Gagan Bansal

Gagan Bansal

Principal Researcher, Microsoft Research

Co-creator of AutoGen. I build agentic frameworks, state-of-the-art agent systems, evaluation methods, and tools for the agentic ecosystem. My research also develops theories of human-agent interaction. Currently exploring useful societies of agents. I love building in the open—most of my work ships as open-source and I pair-program with collaborators across research and engineering.

Generative Agents

Open-source frameworks and systems that orchestrate teams of AI agents—from architecture to deployment at Microsoft scale.

AutoGen: Flexible Conversation Patterns

AutoGen

Co-creator

The most widely adopted open-source multi-agent framework—50k+ GitHub stars, powering Microsoft's Agent Framework.

COLM 2024 Best Paper
Magentic-One
Co-lead · Tech Report 2024

Five specialized agents orchestrated to browse, code, and reason—state-of-the-art on GAIA and WebArena.

Magentic Marketplace
Co-lead · Tech Report 2025 · GitHub

What happens when AI agents negotiate on behalf of humans? A simulation platform built with economists to find out.

MarkItDown
Co-lead · 50k+ GitHub stars

Converts PDFs, DOCX, images, and 20+ formats to Markdown. 50k+ stars, 126k downloads/day.

Human-Centered GenAI

Agents fail in ways chatbots don't. I study where human-AI collaboration breaks down and build systems that fix it.

Magentic-UI: Human-centered web agent

Magentic-UI

Co-lead

A web agent that plans with users before acting. Co-planning, guardrails, and full transparency—not autonomy for its own sake.

Tech Report 2025
Challenges in Human-Agent Communication
Tech Report 2025

A taxonomy of 12 breakdowns in human-agent communication—from intent mismatch to transparency overload.

Reading Between the Lines
CHI 2024 · Honorable Mention

The largest observational study of Copilot usage. Main finding: programmers spend more time verifying suggestions than writing code.
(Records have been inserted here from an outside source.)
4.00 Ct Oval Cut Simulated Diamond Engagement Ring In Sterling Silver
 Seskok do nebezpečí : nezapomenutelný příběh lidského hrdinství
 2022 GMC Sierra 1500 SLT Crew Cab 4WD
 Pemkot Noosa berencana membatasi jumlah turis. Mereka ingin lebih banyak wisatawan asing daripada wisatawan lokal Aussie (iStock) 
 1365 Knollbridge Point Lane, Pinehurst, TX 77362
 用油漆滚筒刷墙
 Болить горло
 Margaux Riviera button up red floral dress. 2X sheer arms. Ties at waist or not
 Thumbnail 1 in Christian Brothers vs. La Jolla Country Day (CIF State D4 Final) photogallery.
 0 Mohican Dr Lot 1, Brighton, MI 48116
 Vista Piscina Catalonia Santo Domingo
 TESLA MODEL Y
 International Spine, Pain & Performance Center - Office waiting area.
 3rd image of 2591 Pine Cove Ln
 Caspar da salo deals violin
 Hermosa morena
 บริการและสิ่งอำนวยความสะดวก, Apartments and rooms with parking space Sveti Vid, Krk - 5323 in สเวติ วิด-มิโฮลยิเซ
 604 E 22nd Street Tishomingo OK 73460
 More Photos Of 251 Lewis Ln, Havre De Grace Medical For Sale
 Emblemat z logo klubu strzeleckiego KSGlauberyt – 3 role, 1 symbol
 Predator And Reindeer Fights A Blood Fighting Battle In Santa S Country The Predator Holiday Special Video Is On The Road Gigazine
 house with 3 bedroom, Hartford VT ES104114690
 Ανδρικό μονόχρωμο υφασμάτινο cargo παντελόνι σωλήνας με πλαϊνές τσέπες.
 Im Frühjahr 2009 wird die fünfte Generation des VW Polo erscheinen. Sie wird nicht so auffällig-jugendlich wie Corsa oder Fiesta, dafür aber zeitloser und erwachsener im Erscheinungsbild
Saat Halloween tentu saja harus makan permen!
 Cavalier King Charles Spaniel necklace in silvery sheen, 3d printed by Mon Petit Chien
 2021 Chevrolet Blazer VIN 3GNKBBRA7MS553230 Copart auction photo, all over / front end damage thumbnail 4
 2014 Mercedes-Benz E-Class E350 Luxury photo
Does the Whole Exceed its Parts?
CHI 2021

AI explanations only improve decisions when humans have enough expertise to disagree with the model.

Bio

Gagan Bansal is a Principal Researcher at Microsoft Research AI Frontiers, where he co-created AutoGen, one of the most widely adopted open-source frameworks for multi-agent AI systems and now the foundation of Microsoft's Agent Framework. He has co-led the development of Magentic-One, a generalist multi-agent system achieving state-of-the-art on GAIA and WebArena benchmarks; Magentic-UI, a human-in-the-loop web agent with co-planning and guardrails; and Magentic Marketplace, a collaboration with economists studying agent behavior in two-sided markets. His research spans both building agentic AI systems and studying how humans interact with them—identifying fundamental challenges in human-agent communication and examining how AI explanations, uncertainty displays, and code completion tools affect human decision-making and performance. His work has received a Best Paper award at COLM and an Honorable Mention at CHI. He holds a Ph.D. in Computer Science from the University of Washington, where he was advised by Dan Weld, and a B.Tech from IIT Delhi.